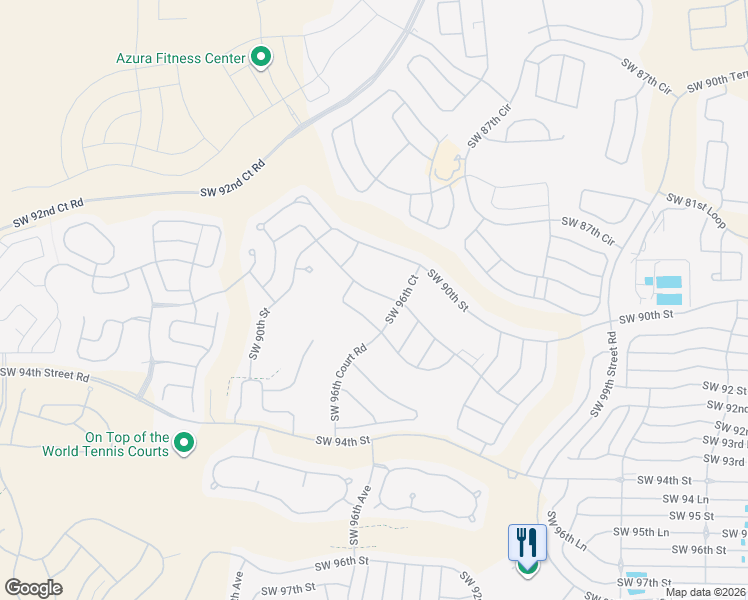 map of restaurants, bars, coffee shops, grocery stores, and more near 9644 Southwest 92nd Place Road in Ocala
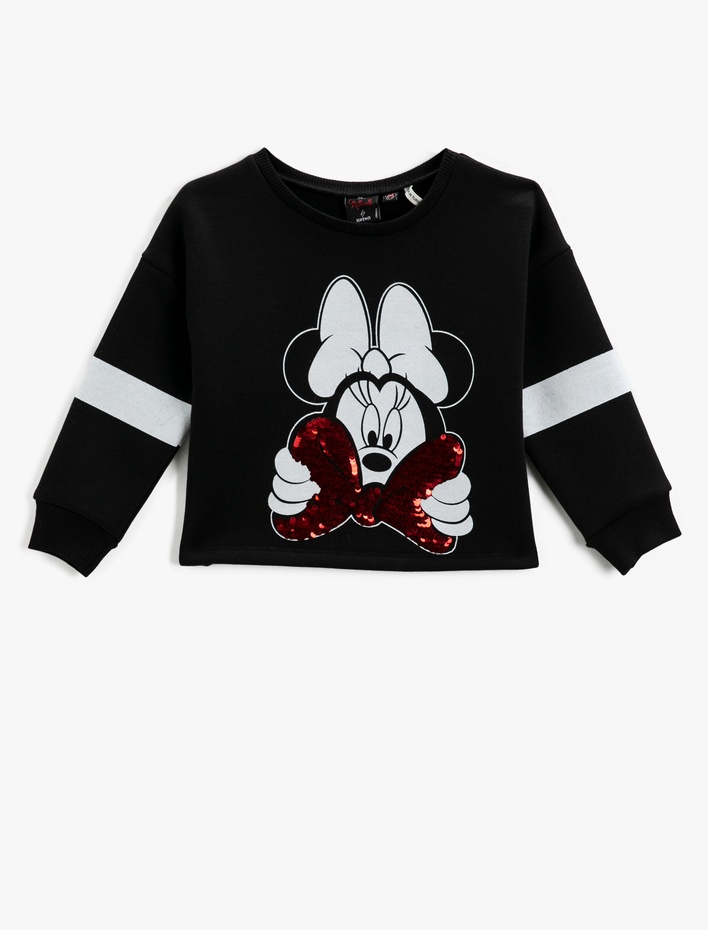 Kız Çocuk Minnie Mouse Lisanslı Baskılı Sweatshirt Pullu Uzun Kollu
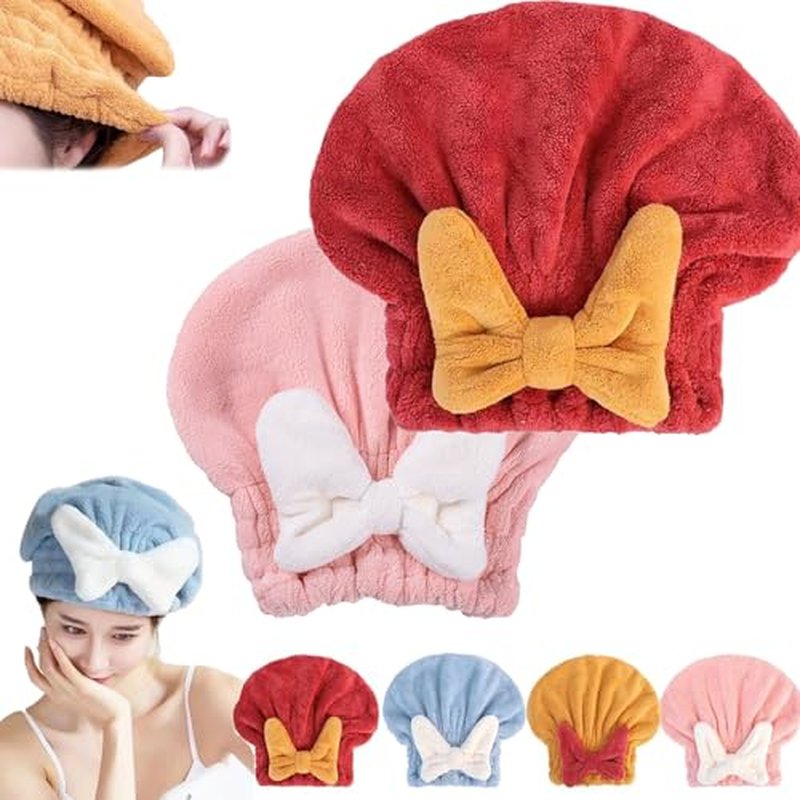 ZANWANXIN New Super Absorbent Hair Towel Wrap for Wet Hair, Quick-Drying Thickened Soft Bow Knot Hair Dry Cap, Efficient Absorbent Hair Towel Wrap, Microfiber Hair Towel Wrap (Pink+Red)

**TASK TO CARRY OUT**
Would you please write out exactly the lines between the line containing "Kız Çocuk Minnie" and the last line of the listing above, inclusive, without pictures?

**THE ANSWER**
 Kız Çocuk Minnie Mouse Lisanslı Baskılı Sweatshirt Pullu Uzun Kollu
 ZANWANXIN New Super Absorbent Hair Towel Wrap for Wet Hair, Quick-Drying Thickened Soft Bow Knot Hair Dry Cap, Efficient Absorbent Hair Towel Wrap, Microfiber Hair Towel Wrap (Pink+Red)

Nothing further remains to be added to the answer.